I asked them to describe Mugshots for me, as I'd only been in a few times and my knowledge of coffee was wildly underdeveloped. Darren took the lead in discussing their business with me.
"One of the things that is really cool about this place is that it's been described as, 'tongue in cheek', the coffee world's Cheers, if you will. We have a lot of repeat business and a lot of the people who are new, end up coming in again and again. It's not like an assembly line establishment. We have a really unique coffee shop and our regulars all talk to each other and sort of network. We will also get people in here who are new and have no idea what to try and the regulars will chime in and start suggesting different things to try. It's more like a family get together here."

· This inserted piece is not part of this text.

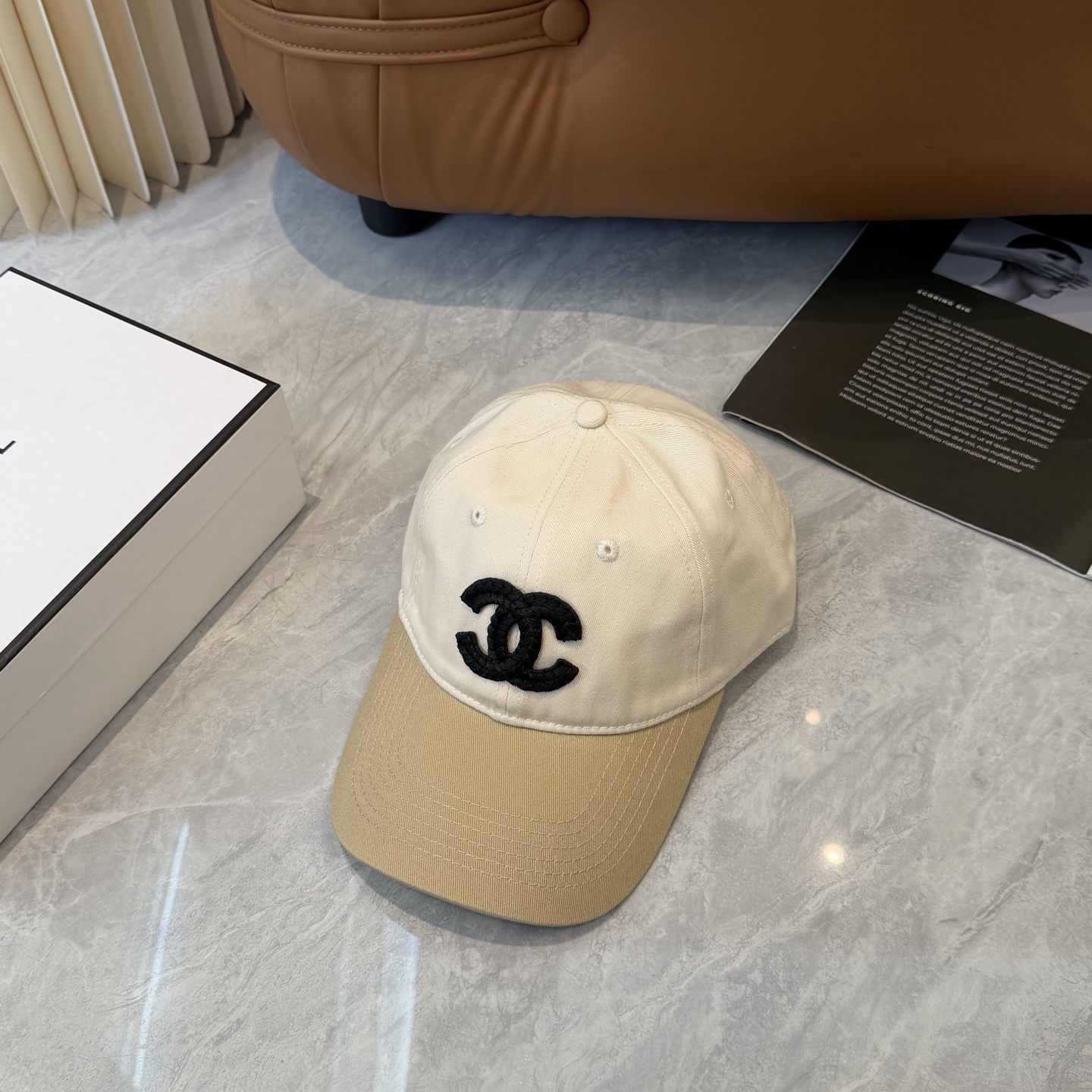 【CHANEL香奈儿】春夏新款简约小香logo棒球帽，新款出货，大牌款超好搭配，赶紧入手！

"At the end of the day there is more in this to us than just making a cup of coffee and handing it out and our customers know that. Which is the reason why our coffee is expensive, to put it bluntly, it is not cheap, but you get what you pay for. There is a real crisis world wide, as far as sustainability goes, in these different coffee farming regions and in different third world countries where this is their cash crop. There is a real sustainability issue and it is not like food where you have places like the UN getting involved in it. So, you have all these different companies getting involved with it and the big buzz word is, 'Fair Trade' and 'Sustainability.' Well, there is nothing fair about 'Fair Trade.' What you are talking about are these people getting minimum wage in their countries which equates to 25- 50 cents a day. Then you have 'Sustainability' and people don't know or understand the real true concept of it. Whereas, we actually have connections who are actually sourcing through these farmers directly and we hear the real stories that go along with them. It is so much more than a simple cup of coffee."
"Fair Trade is basically a stamp that larger companies place on their coffee, so they have the power to mass produce guilt free. But, one of the standards for Fair Trade is that these people farming it get paid more than the minimum wage, but they don't say how much more. So if the minimum wage was one dollar a day, then you can give them a dollar and a penny a day, plus a hand full of lollipops, and you qualify for Fair Trade."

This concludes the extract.